[Captioned web image data]
※

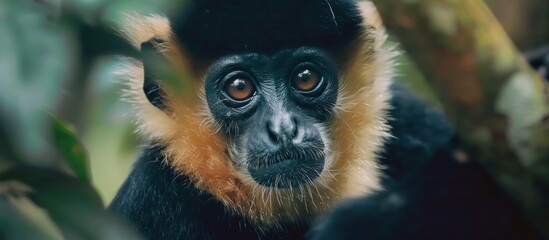 Naklejka premium Portrait of a Yellow Cheeked Gibbon monkey in the forest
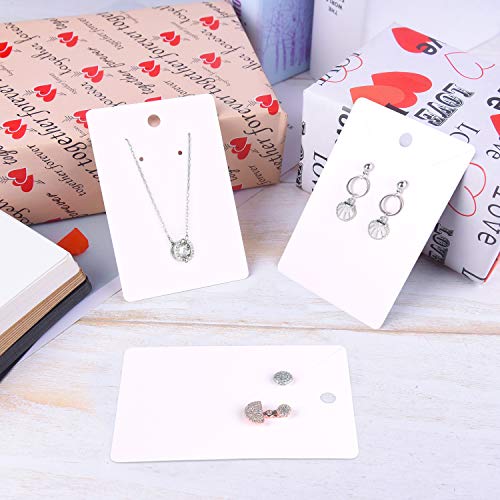 MIAHART 150 Set Earring Holder Cards Necklace Display Cards with 150pcs Bags for Selling DIY Ear Studs, Earrings and Jewelry Display (White) - Image 5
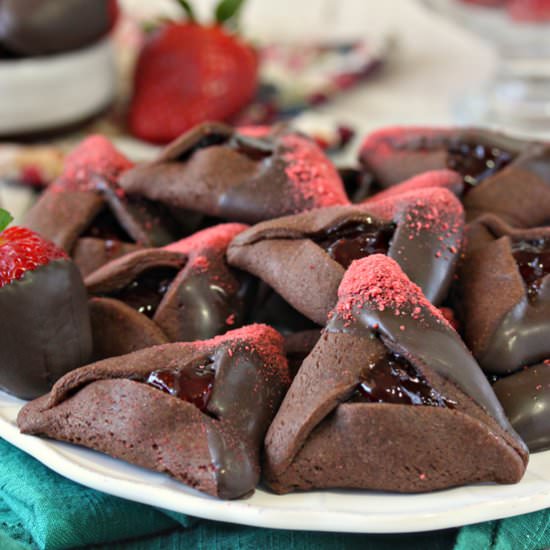 Chocolate Strawberry Hamantashen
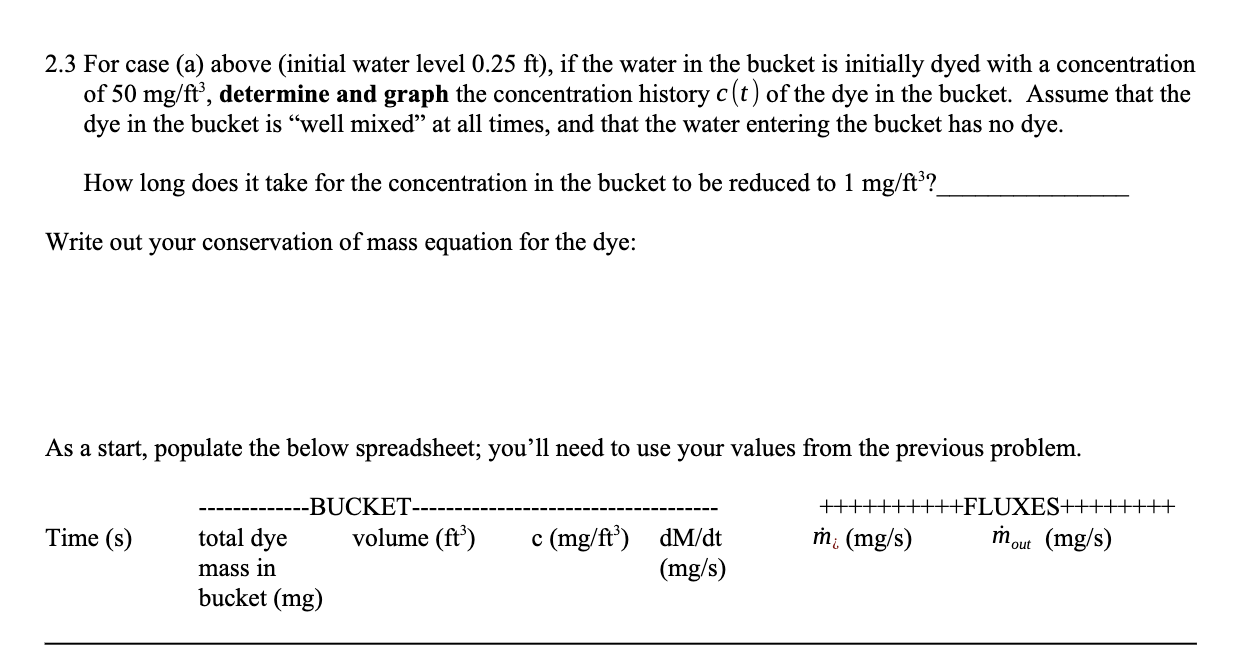 2 . 2 Now, fill the bucket with that flow rate.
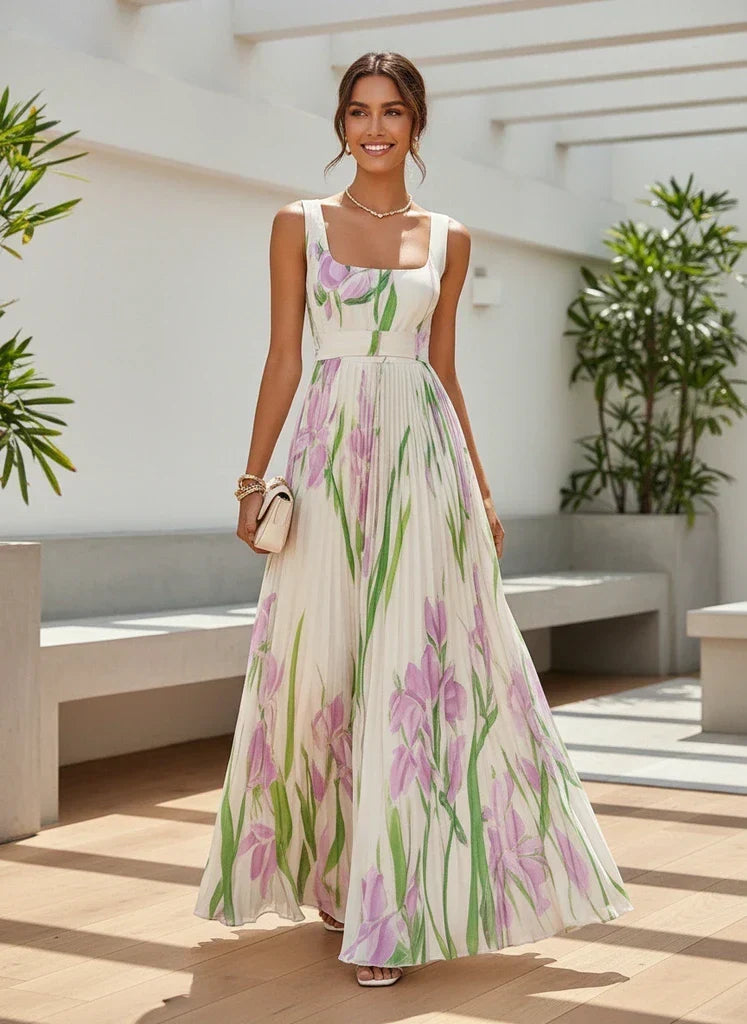 Flowy pleated floral maxi dress for women. Elegant square neck, perfect formal wear for weddings, parties & events.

※

Your reply should repeat the entries above exactly, leaving the pictures out.

* TASK RESULT
 Naklejka premium Portrait of a Yellow Cheeked Gibbon monkey in the forest
 MIAHART 150 Set Earring Holder Cards Necklace Display Cards with 150pcs Bags for Selling DIY Ear Studs, Earrings and Jewelry Display (White) - Image 5
 Chocolate Strawberry Hamantashen
 2 . 2 Now, fill the bucket with that flow rate.
 Flowy pleated floral maxi dress for women. Elegant square neck, perfect formal wear for weddings, parties & events.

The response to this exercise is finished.